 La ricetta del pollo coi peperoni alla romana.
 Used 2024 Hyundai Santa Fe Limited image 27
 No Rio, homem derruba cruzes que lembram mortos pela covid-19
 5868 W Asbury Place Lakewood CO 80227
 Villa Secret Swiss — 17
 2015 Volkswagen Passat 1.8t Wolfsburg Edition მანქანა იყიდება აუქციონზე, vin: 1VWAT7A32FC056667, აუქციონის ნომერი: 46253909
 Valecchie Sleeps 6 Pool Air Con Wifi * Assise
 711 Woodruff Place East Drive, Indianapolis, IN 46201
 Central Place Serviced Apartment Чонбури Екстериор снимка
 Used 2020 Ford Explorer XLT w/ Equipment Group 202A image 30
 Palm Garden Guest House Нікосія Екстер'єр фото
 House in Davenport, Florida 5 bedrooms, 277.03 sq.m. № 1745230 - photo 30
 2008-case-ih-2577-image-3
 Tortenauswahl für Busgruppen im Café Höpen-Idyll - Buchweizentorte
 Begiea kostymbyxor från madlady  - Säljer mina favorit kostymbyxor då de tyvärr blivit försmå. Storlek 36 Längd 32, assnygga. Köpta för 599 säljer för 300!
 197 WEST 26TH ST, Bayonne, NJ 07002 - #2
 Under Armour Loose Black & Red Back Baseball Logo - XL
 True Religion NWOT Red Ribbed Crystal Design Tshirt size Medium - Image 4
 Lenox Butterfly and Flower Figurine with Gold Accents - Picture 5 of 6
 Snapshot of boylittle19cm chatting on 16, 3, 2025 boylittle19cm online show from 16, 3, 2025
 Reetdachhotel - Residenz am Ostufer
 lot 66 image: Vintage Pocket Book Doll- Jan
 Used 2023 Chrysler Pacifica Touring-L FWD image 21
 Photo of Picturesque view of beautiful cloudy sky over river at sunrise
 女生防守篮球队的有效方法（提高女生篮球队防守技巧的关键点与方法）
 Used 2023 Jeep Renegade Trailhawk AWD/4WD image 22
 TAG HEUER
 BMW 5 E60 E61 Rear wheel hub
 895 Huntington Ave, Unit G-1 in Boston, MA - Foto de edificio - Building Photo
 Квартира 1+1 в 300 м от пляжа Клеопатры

Task instructions: Show each line from the material above where the string "House" can be found.

Written answer:
 Palm Garden Guest House Нікосія Екстер'єр фото
 House in Davenport, Florida 5 bedrooms, 277.03 sq.m. № 1745230 - photo 30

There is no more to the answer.